Firstly, do project requirements have any detail on what the expectation of a monitoring solution is? If so, are they setting objectives such as a 'monitoring solution to measure infrastructure health to x level'? If so, include them in your monitoring solution considerations, as you now have strategic guidance on how detailed you need to get.
Is your cloud infrastructure supporting resources that are considered revenue-earning? If so, you should invest in detailing an agent-based solution to mitigate the risk of application failure (and revenue loss) in a highly monitored solution?
Is your cloud architecture monolith, or microservice-based? Also, are you working to detail a monitoring solution in a highly available or lowly available environment? The wider the surface, the more you need to monitor. The more impact a loss of resource functionality is on your business, the more detailed and deep your monitoring solution needs to be.
Does your company have an on-call team or are you office hours only? This is critical in determining the level of automation you deploy in your solution and how your alerting patterns are set. For example, auto remediation of >90% CPU in an office hours-only environment may cause money-making sessions on an alarming server to drop if you configure automation to restart it. Maybe >90% with a load average that exceeds the virtual core size is a more qualitative conditional pattern before you trigger a server restart by a lambda function.
Automation has managed features and products laid out by all cloud vendors in their offerings. Are you comfortable designing a monitoring element in the knowledge its implementation may need to be redeveloped if you ever moved solution provider?
Do you know your time to detect, time to notify and time to remediate? Is it detailed in project requirements or company policy? After learning these values or expectations, is your monitoring solution configured with the appropriate mix of lead (metrics) and lag (logging) indicators? Both data workflows provide powerful insights when included in a monitoring solution. When deployed correctly, they underpin site reliability supporting company policy around digital product quality based on these key performance indicators. They can heavily influence how you set up, configure and handle your monitors, and their alerts.

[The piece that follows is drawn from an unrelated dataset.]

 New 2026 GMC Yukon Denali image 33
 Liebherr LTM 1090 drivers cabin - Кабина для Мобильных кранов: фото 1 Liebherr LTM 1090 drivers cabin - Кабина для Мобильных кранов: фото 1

There is as always more to do in projects around monitoring. I have walked into cloud projects where a 3rd party monitoring solution was chosen based on corporate decision-making but was not technically the most desirable. However, with a considered view of requirements and expectations, I was able to design and configure the most effective solution to the circumstances of the project. My job in addressing the risk posed by digital assets in scope was done through that lens of keeping objectives in mind as I solution the best possible outcome for the company.